The company's owners, Home Retail Group, said that sales in the 18 weeks to December 31 were weak, with the demand for video gaming and audio products particularly low.
The company has struggled to remain competitive in the consumer electronics market, and reported only a marginal profit in the half-year to August.
Internet business was a rare bright spot, rising to account for 40% of total sales, with "click and collect" and mobile commerce driving its growth.
Home Retail Group's, other major chain, Homebase, saw like-for-like sales fall by 2.6%, with purchases of larger items falling foul of weak consumer sentiment.

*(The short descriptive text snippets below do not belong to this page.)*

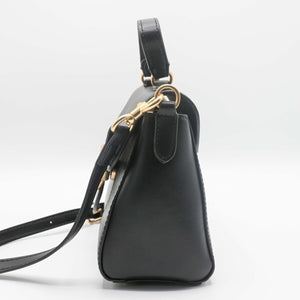 COACH TOP SHOLDER BAG Black (5)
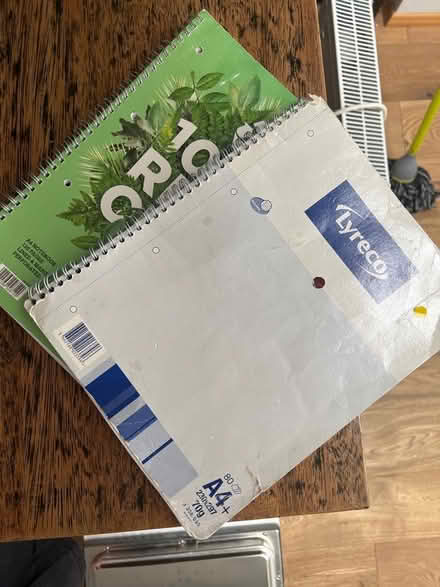 Photo of free Lined A4 note pads (E3) #1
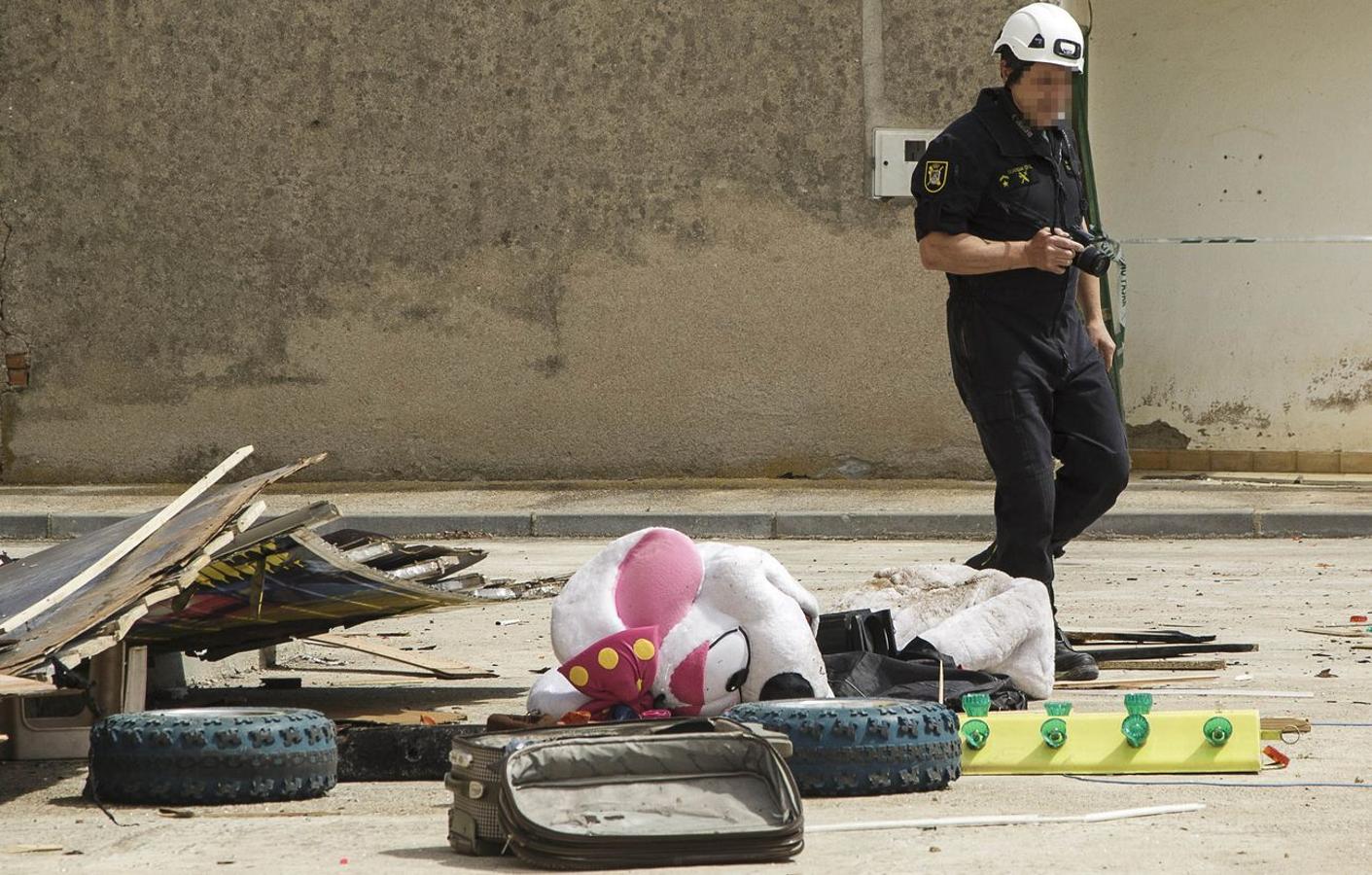 Tragedia en la feria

Terry Duddy, the company's CEO, called the trading environment "volatile and demanding" and said:
"We will continue to plan cautiously with an ongoing focus on managing robustly both the cost base and the cash position of the Group while prioritising our investment in the ongoing development of our multi-channel capabilities."
The company is closing a number of stores as it looks to cut costs, and as a result it may meet profit targets of £100m, but it is likely to cut its dividend to shareholders. Home Retail Group's shares fell 4% after the announcement.
Home Retail Group's numbers cap a bad morning for retail, which also saw Tesco, the UK's biggest grocer, issue a profit warning that sent shares spiralling.